• **ENTRIES SUPPLIED**:
════

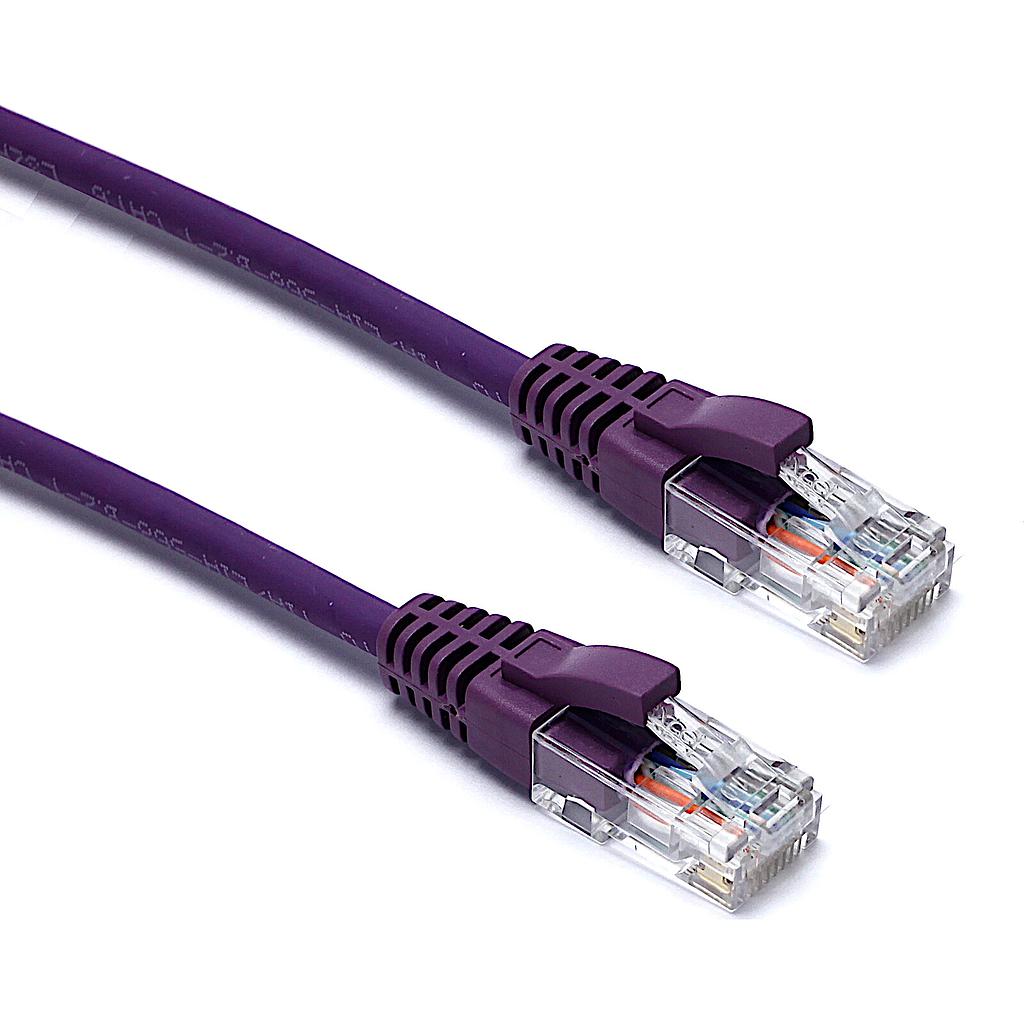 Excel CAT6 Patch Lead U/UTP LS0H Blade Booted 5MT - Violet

════

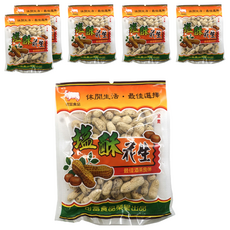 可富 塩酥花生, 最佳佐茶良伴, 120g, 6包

════

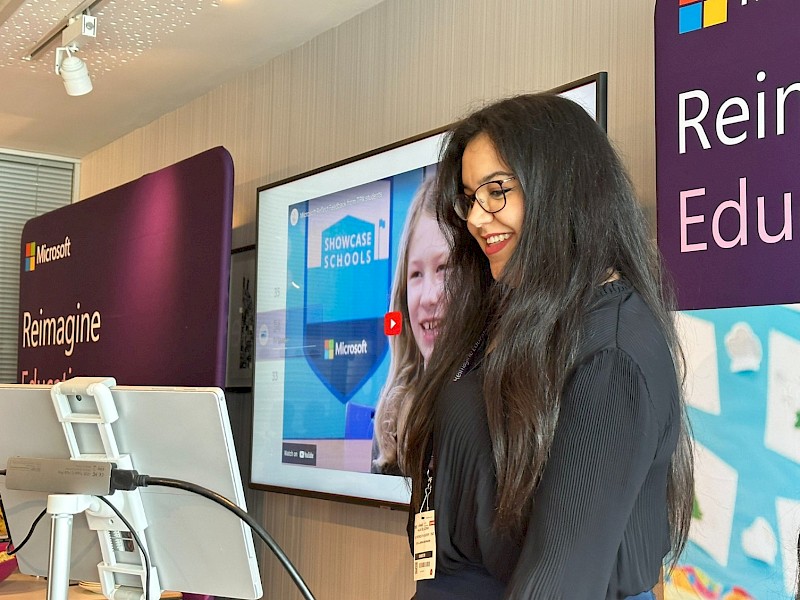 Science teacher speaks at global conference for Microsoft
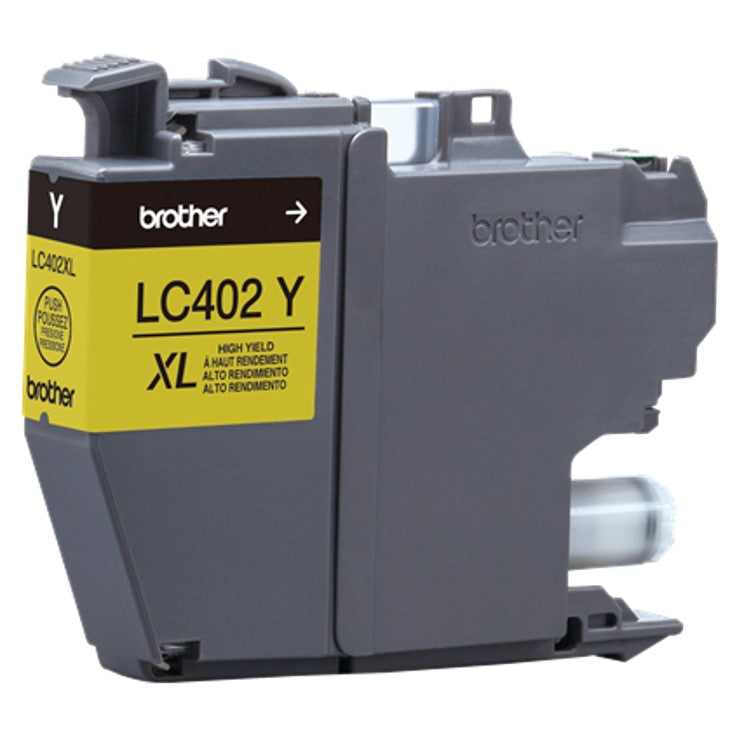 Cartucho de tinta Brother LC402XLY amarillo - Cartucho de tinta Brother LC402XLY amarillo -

════

• **INSTRUCTIONS TO FOLLOW**:
Set down, exactly as written above, each line from the one with "Science teacher speaks" through the one with "Cartucho de tinta Brother LC402XLY amarillo - Cartucho", and skip the pictures.

• **TASK ANSWER**:
 Science teacher speaks at global conference for Microsoft
 Cartucho de tinta Brother LC402XLY amarillo - Cartucho de tinta Brother LC402XLY amarillo -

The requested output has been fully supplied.